Supported Input File Formats
The SED Builder tool within Iris allows the user to convert SED data written in a non-native format into one which is recognized by Iris. The input file formats supported by the SED Builder, listed below, are those which are supported by common VO tools. For each, a simple, generic assumption is made: data is arranged in a tabular format, with all rows having the same number of columns, and possibly with a header where metadata is stored. The way in which both data and metadata are stored depends on the specific format.
- ASCII - text file with columns separated by spaces and/or tabs
- CSV - text file with columns separated by commas (the first row may contain the name of the columns)
- FITS - consists of a series of Header Data Units (HDUs), each containing two components: an ASCII text header and the binary data. The header contains a series of header keywords that describe the data in a particular HDU and the data component immediately follows the header.
- VOTABLE - (text or binary) XML standard for the interchange of data represented as a set of tables. Consists of an unordered set of rows, each of a uniform structure, as specified in the table metadata. Each row in a table is a sequence of table cells, and each of these contains either a primitive data type, or an array of such primitives.
- IPAC - a custom bar-separated text format by IPAC
- TST - Tab Separated Table (comments are ignored, metadata is in key, value pairs)

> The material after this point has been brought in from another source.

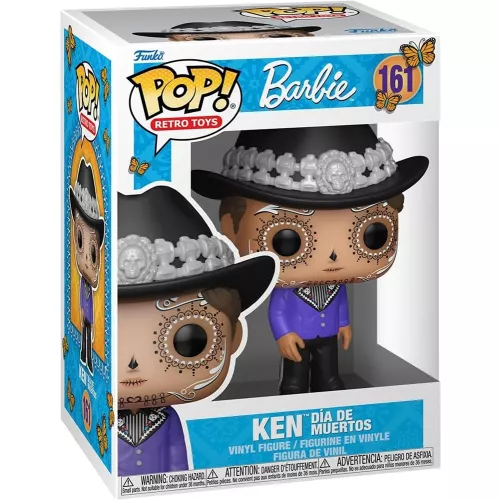 Funko Pop! - Retro Toys - Ken 'Dia de Los Muertos' #161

Since the SED Builder uses the STIL library to read files, STIL being the library on the top of which TOPCAT is implemented, the following documentation about the detailed specification of the supported formats is derived from the TOPCAT documentation (http://www.star.bris.ac.uk/~mbt/topcat/sun253/inFormats.html)
FITS binary and ASCII table extensions can be read. For normal FITS files, header cards in the table's HDU header will be made available as table parameters. Only header cards which are not used to specify the table format itself are visible as parameters (e.g. NAXIS, TTYPE* etc cards are not). HISTORY and COMMENT cards are run together as one multi-line value.
VOTable is an XML-based format for tabular data endorsed by the International Virtual Observatory Alliance; while the tabular data which can be encoded is by design close to what FITS allows, it provides for much richer encoding of structure and metadata. SED Builder should be able to read any table which conforms to the VOTable 1.0, 1.1 or 1.2 specifications. This includes tables in which the cell data are included in-line as XML elements (VOTable/TABLEDATA format), or included/referenced as a FITS table (VOTable/FITS) or included/referenced as a raw binary stream (VOTable/BINARY). STIL does not attempt to be fussy about input VOTable documents, and it will have a good go at reading VOTables which violate the standards in various ways.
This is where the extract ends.